# Working data:
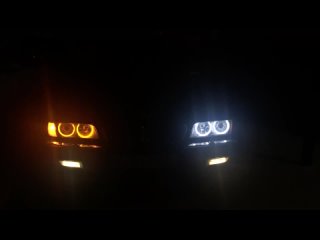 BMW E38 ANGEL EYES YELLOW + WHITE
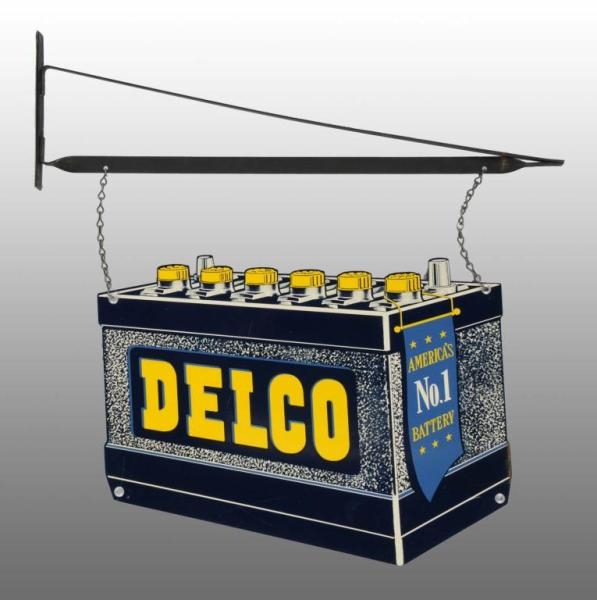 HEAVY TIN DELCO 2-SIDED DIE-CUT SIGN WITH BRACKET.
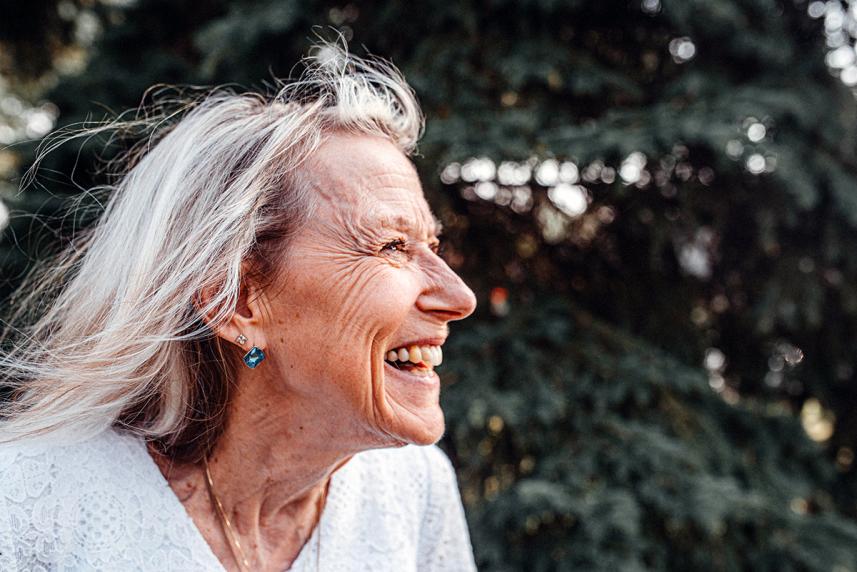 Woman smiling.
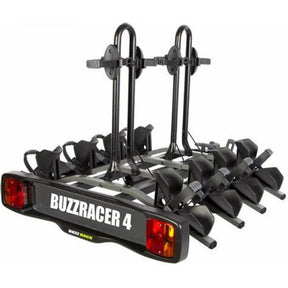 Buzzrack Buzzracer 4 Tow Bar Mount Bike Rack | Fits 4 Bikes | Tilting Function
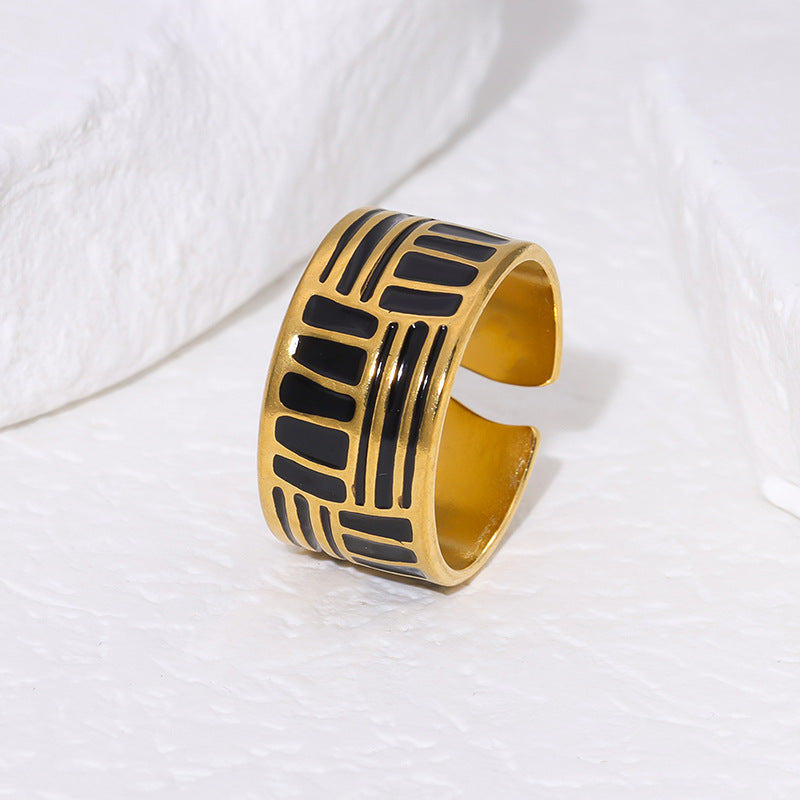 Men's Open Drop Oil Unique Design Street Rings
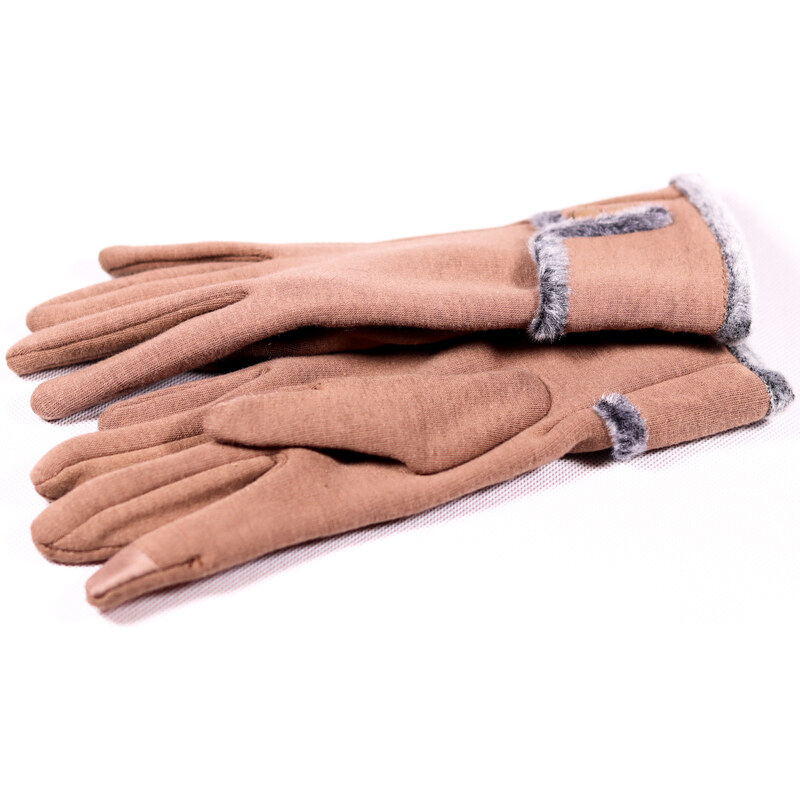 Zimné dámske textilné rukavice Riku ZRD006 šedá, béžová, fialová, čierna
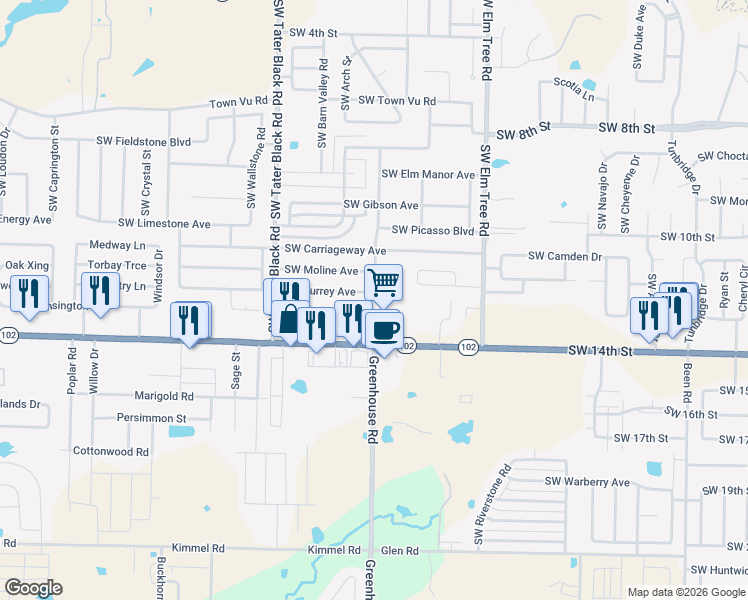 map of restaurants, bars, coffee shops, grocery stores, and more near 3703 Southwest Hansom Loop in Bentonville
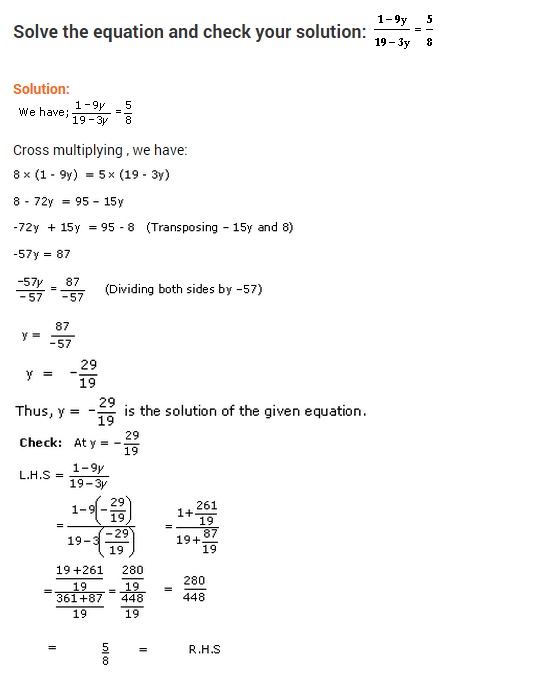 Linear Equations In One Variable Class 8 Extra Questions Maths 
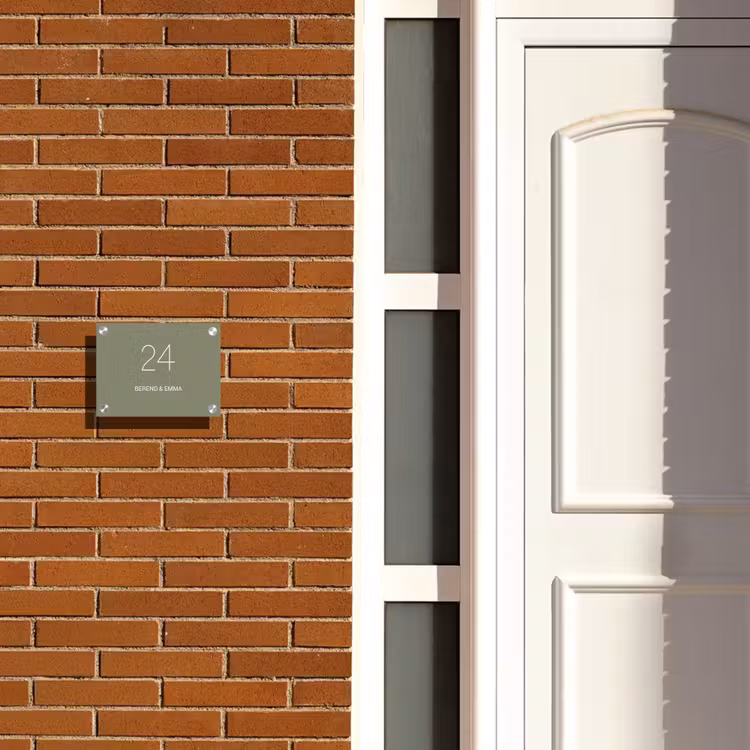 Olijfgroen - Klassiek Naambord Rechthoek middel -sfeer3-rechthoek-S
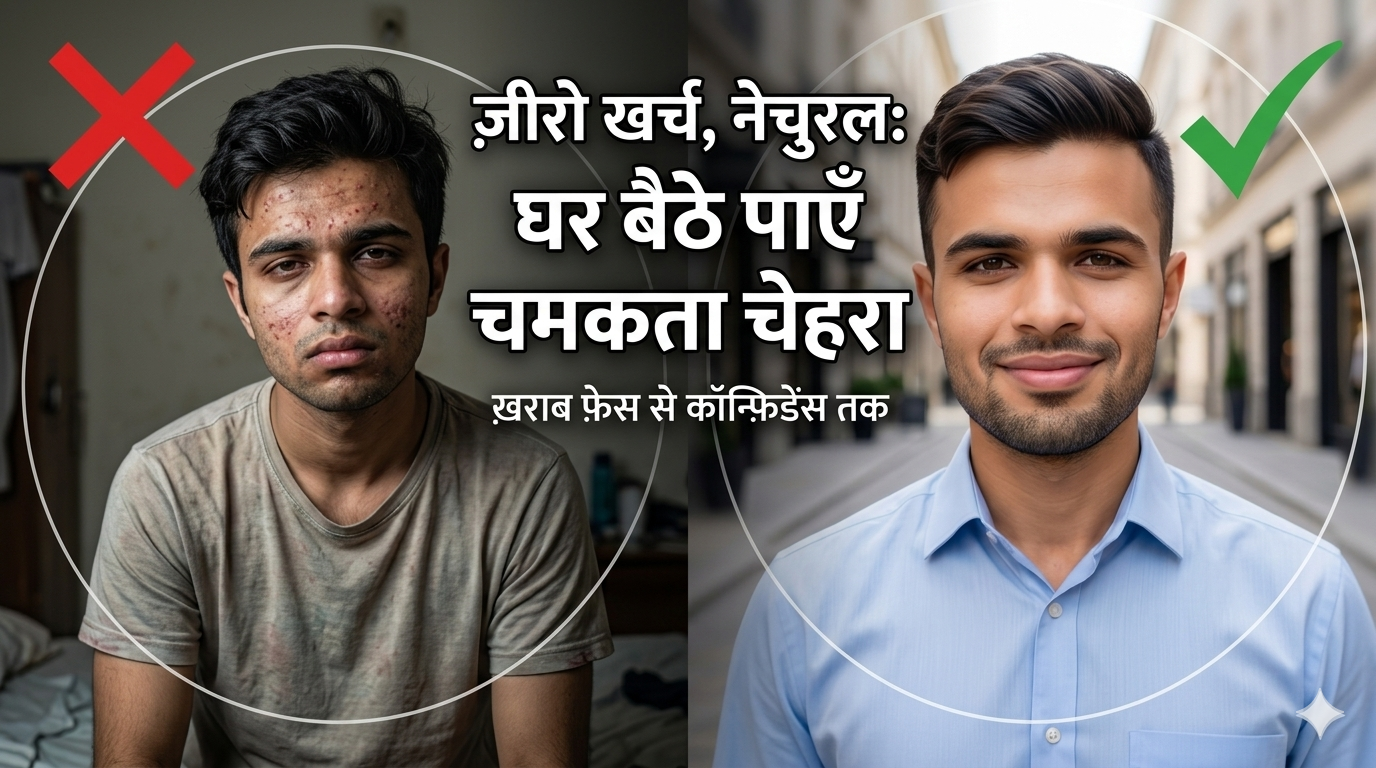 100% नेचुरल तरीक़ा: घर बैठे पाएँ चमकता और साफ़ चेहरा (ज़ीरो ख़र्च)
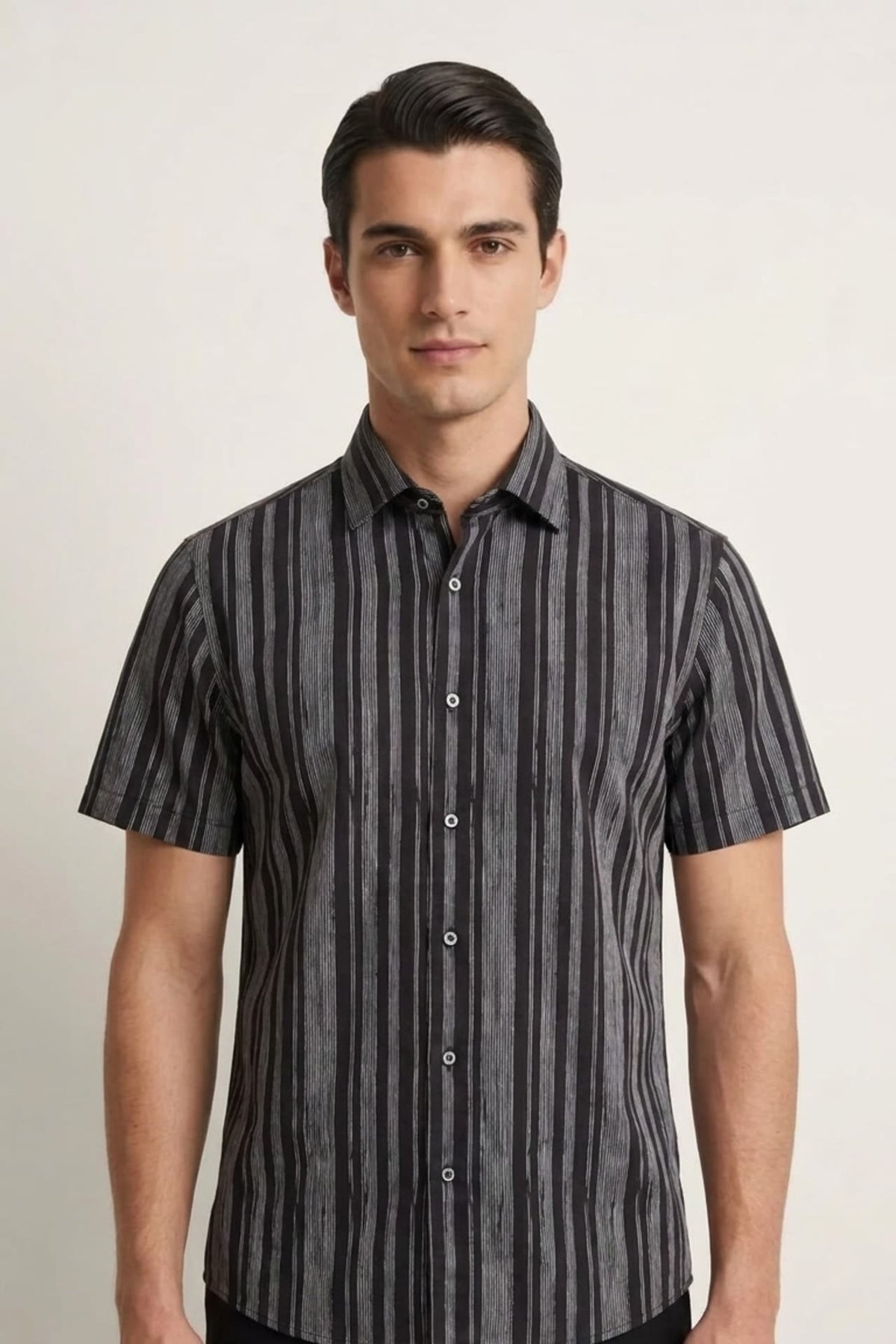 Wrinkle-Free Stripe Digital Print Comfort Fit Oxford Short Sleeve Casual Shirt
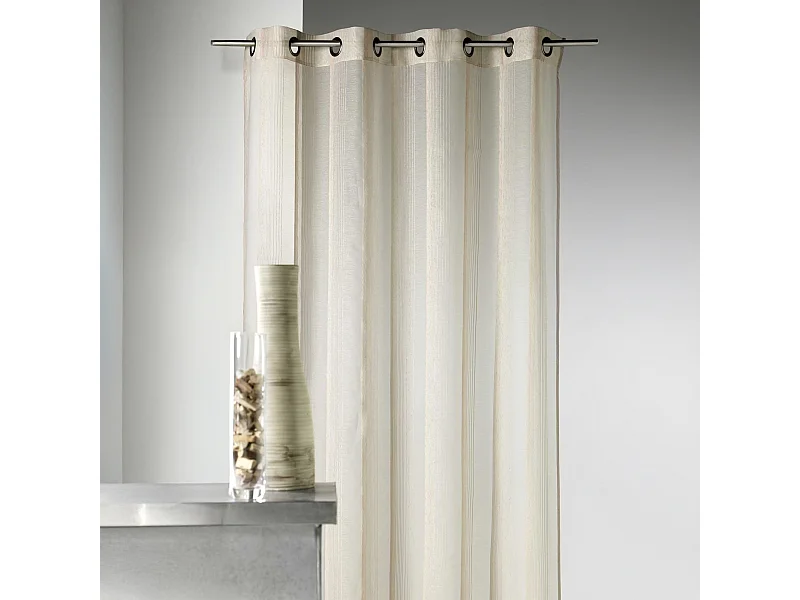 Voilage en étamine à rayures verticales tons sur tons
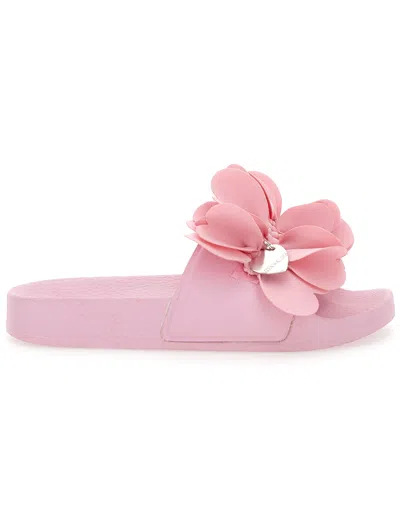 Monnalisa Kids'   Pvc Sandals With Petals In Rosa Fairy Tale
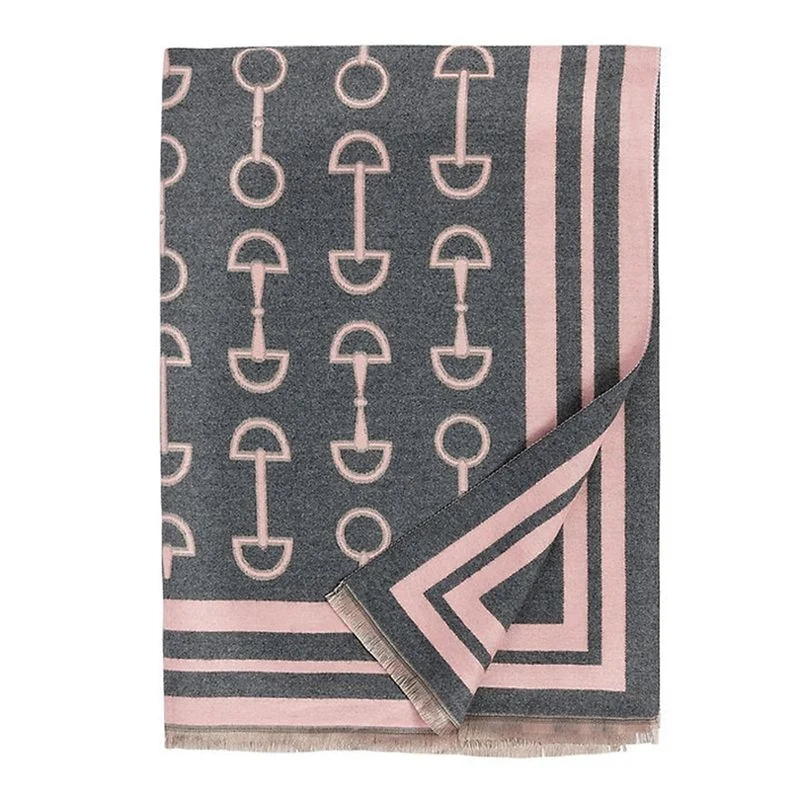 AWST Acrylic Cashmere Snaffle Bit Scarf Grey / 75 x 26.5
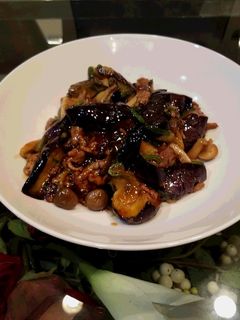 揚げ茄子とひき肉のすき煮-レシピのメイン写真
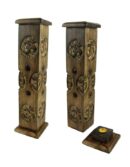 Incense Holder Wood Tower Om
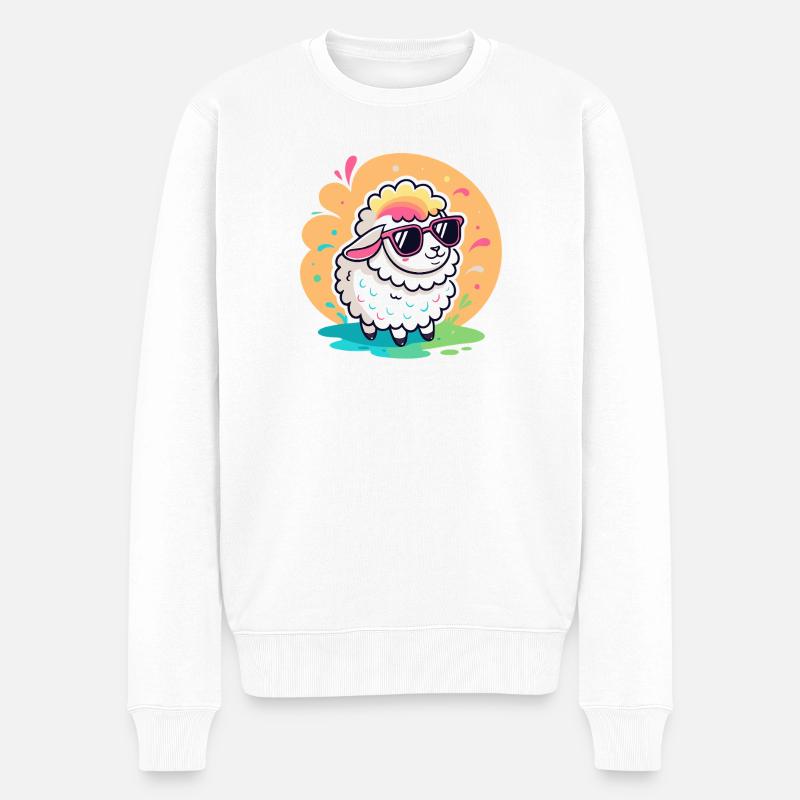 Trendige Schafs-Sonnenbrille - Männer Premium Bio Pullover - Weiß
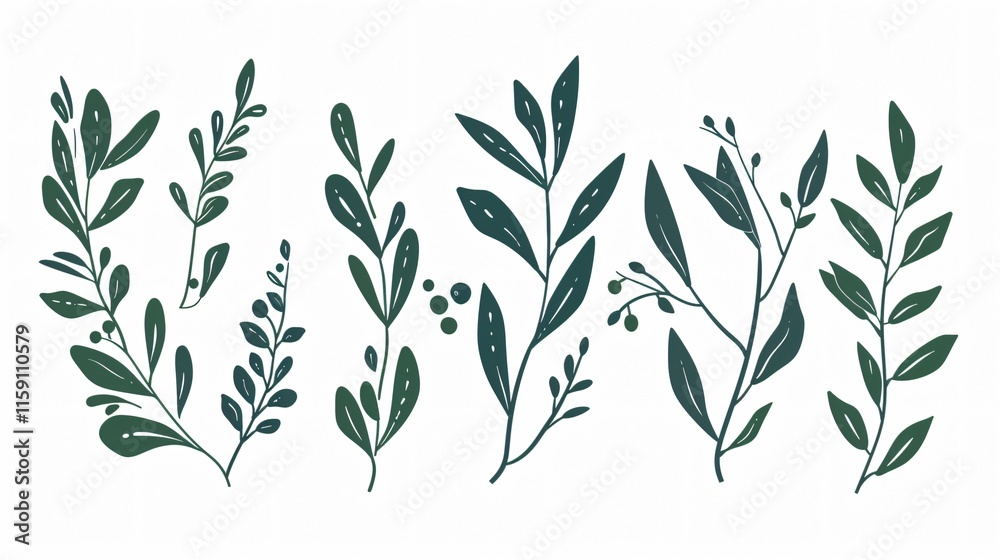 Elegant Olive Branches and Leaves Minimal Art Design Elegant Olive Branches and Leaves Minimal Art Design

# Problem to work on:
Output the records exactly, pictures excluded.

# Reply to the task:
 BMW E38 ANGEL EYES YELLOW + WHITE
 HEAVY TIN DELCO 2-SIDED DIE-CUT SIGN WITH BRACKET.
 Woman smiling.
 Buzzrack Buzzracer 4 Tow Bar Mount Bike Rack | Fits 4 Bikes | Tilting Function
 Men's Open Drop Oil Unique Design Street Rings
 Zimné dámske textilné rukavice Riku ZRD006 šedá, béžová, fialová, čierna
 map of restaurants, bars, coffee shops, grocery stores, and more near 3703 Southwest Hansom Loop in Bentonville
 Linear Equations In One Variable Class 8 Extra Questions Maths 
 Olijfgroen - Klassiek Naambord Rechthoek middel -sfeer3-rechthoek-S
 100% नेचुरल तरीक़ा: घर बैठे पाएँ चमकता और साफ़ चेहरा (ज़ीरो ख़र्च)
 Wrinkle-Free Stripe Digital Print Comfort Fit Oxford Short Sleeve Casual Shirt
 Voilage en étamine à rayures verticales tons sur tons
 Monnalisa Kids'   Pvc Sandals With Petals In Rosa Fairy Tale
 AWST Acrylic Cashmere Snaffle Bit Scarf Grey / 75 x 26.5
 揚げ茄子とひき肉のすき煮-レシピのメイン写真
 Incense Holder Wood Tower Om
 Trendige Schafs-Sonnenbrille - Männer Premium Bio Pullover - Weiß
 Elegant Olive Branches and Leaves Minimal Art Design Elegant Olive Branches and Leaves Minimal Art Design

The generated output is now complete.